> **COLLECTED DATA**:

- - - -

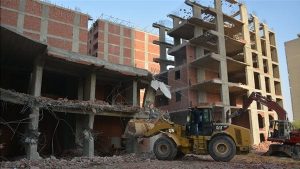 مطالبات برلمانية بإصدار اللائحة التنفيذية للقانون..ما الحالات المسموح بالتصالح فيها بمخالفات البناء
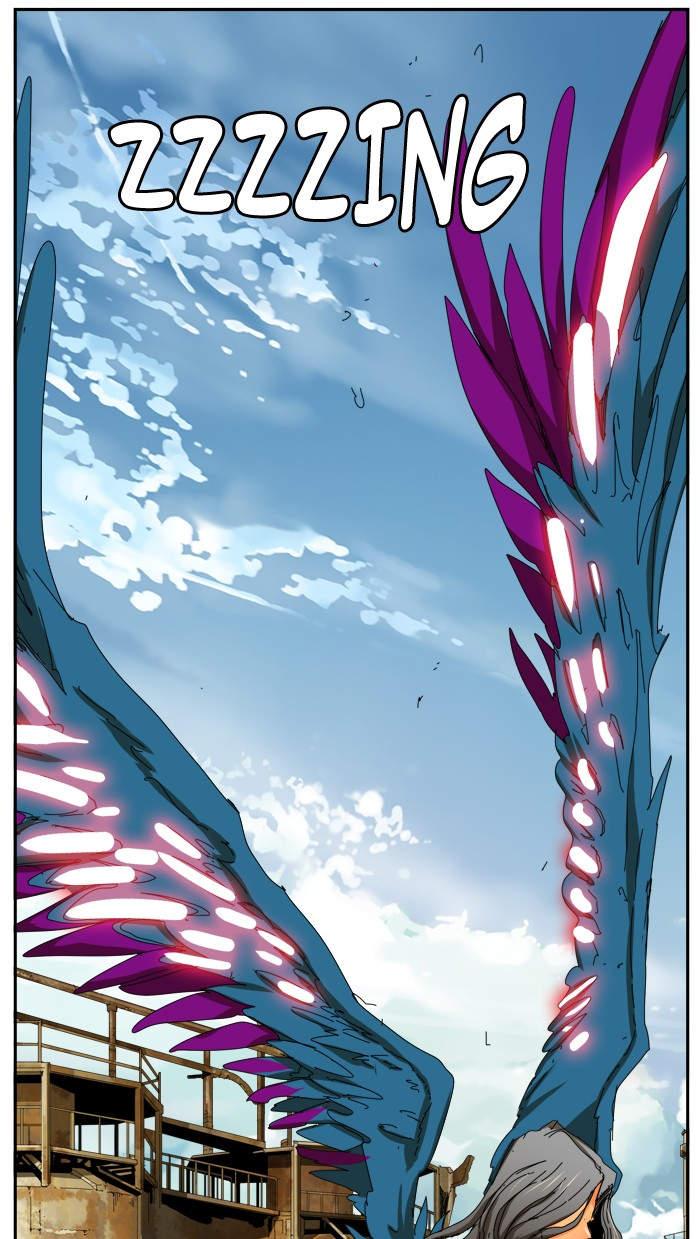 The God of High School chapter 356 page 18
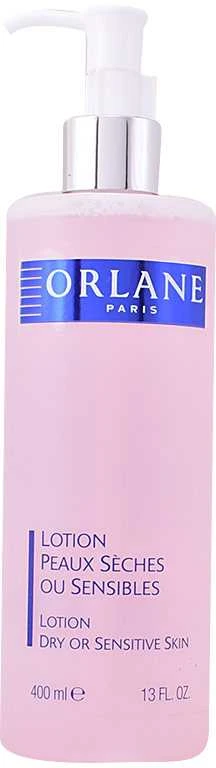 "Orlane" losjonas sausai arba jautriai odai 400ml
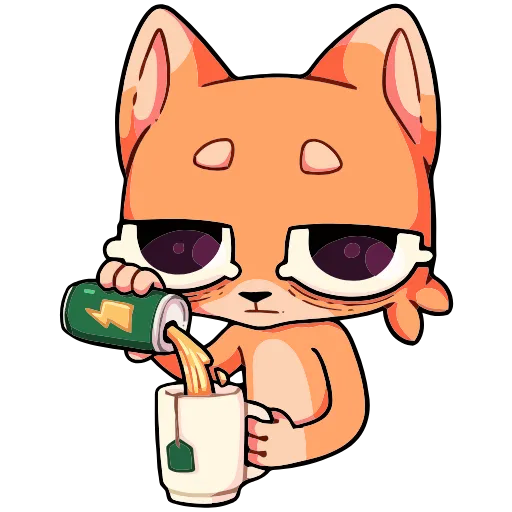 🥤 Эмодзи «Джек» для Telegram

- - - -

> **WHAT YOU SHOULD DO**:
Repeat the data exactly. No pictures should appear.

> **TASK OUTPUT**:
 مطالبات برلمانية بإصدار اللائحة التنفيذية للقانون..ما الحالات المسموح بالتصالح فيها بمخالفات البناء
 The God of High School chapter 356 page 18
 "Orlane" losjonas sausai arba jautriai odai 400ml
 🥤 Эмодзи «Джек» для Telegram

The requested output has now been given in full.